My role as middle person ceased over time. But I continued to see Bruce at least once a year at Peter’s place which was dotted with Bruce’s sculptures. This annual get together has continued after Bruce’s death who remains present through his work.

In 2021 I approached Bruce’s family with a proposal to showcase his work at the 2022 edition of the Investec Cape Town Art Fair. The response to Bruce’s work was very positive and the occasion was made even more special when Peter showcased his private collection in Los Angeles at the same time.

Bruce Arnott. Biggles. Bronze. 2010.

The exhibition, Bruce Murray Arnott: Into the Megatext curated by Sven Christian opened on 22 April 2023 at the Villa-Legodi Centre for Sculpture in Johannesburg. It provided the first comprehensive overview of Bruce’s life and work. The book, Bruce Murray Arnott: Into the Megatext edited by Bruce’s widow, Mari Lecanides-Arnott and Sven Christian was also released in 2023. With this publication Bruce’s influence as an artist, scholar, designer, curator, and educator is finally recognised and intuited through the work of many of South Africa’s leading contemporary scholars and practitioners in the visual arts.

Bruce Arnott. Levitator. Conjuria series. Bronze. 2010.
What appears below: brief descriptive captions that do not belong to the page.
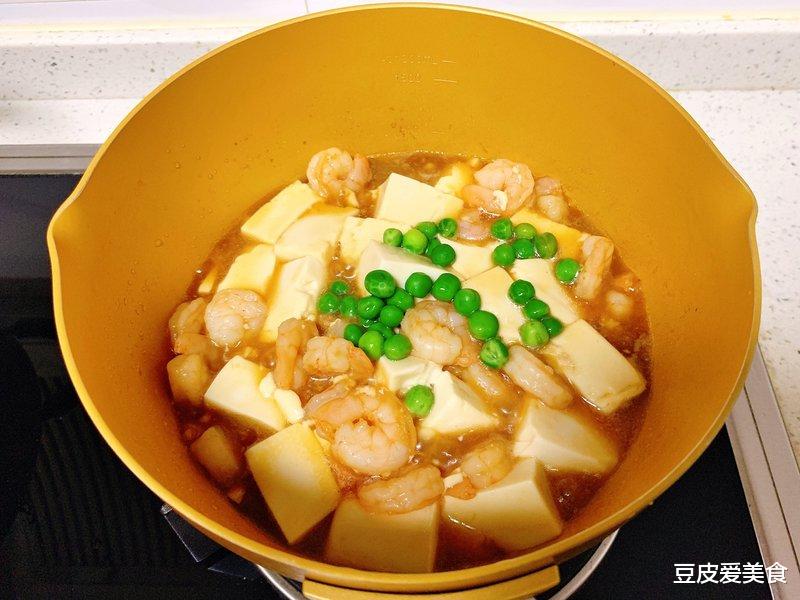 龙虾|50岁后要“养骨”,少吃鸡蛋和牛奶,多吃3样,手脚麻利精神足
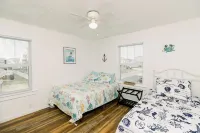 The Seascape - Ocean Views!! Ultra Clean 2nd Row Beach House—-1Q-1D,1T,1SS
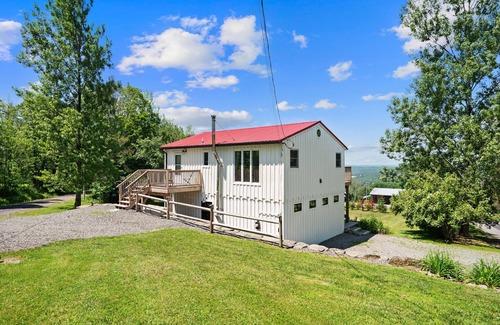 Orson Casa | Spacious Summer Escape w/ Hot Tub, Games, Fire Pit & Scenic Hilltop Views!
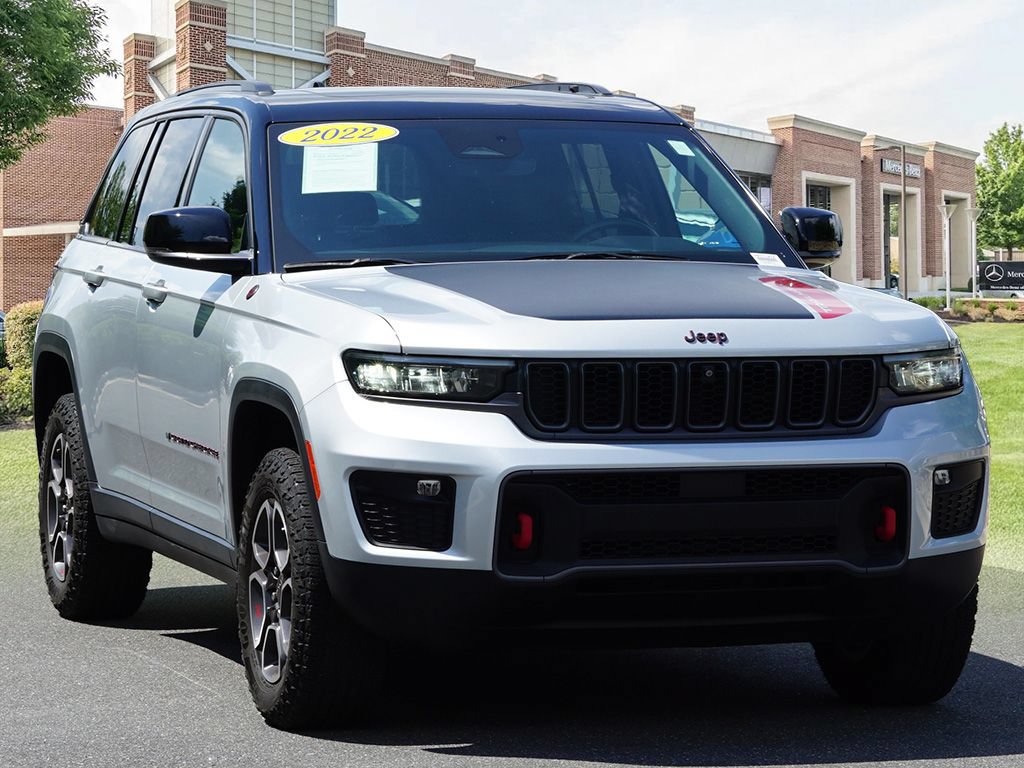 Used 2022 Jeep Grand Cherokee Trailhawk AWD/4WD image 3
I am very pleased to announce that I will be showing a few of Bruce’s sculptures at the 2024 edition of the Investec Cape Town Art Fair. The exhibition at the art fair is presented by Legacy, and linked to the exhibition, Being/Present which is on view at the Gallery at Glen Carlou until 10 March.

Bruce Arnott. Aphrodite. Bronze. 2015.

I can never thank Peter enough for asking ME to find the maker of Icarus. I should also add that no dreams were dashed and no hopes were destroyed. For me it has been an ongoing journey of discovery and learning. Rest in peace, Bruce.

All images courtesy of Bruce Arnott Estate.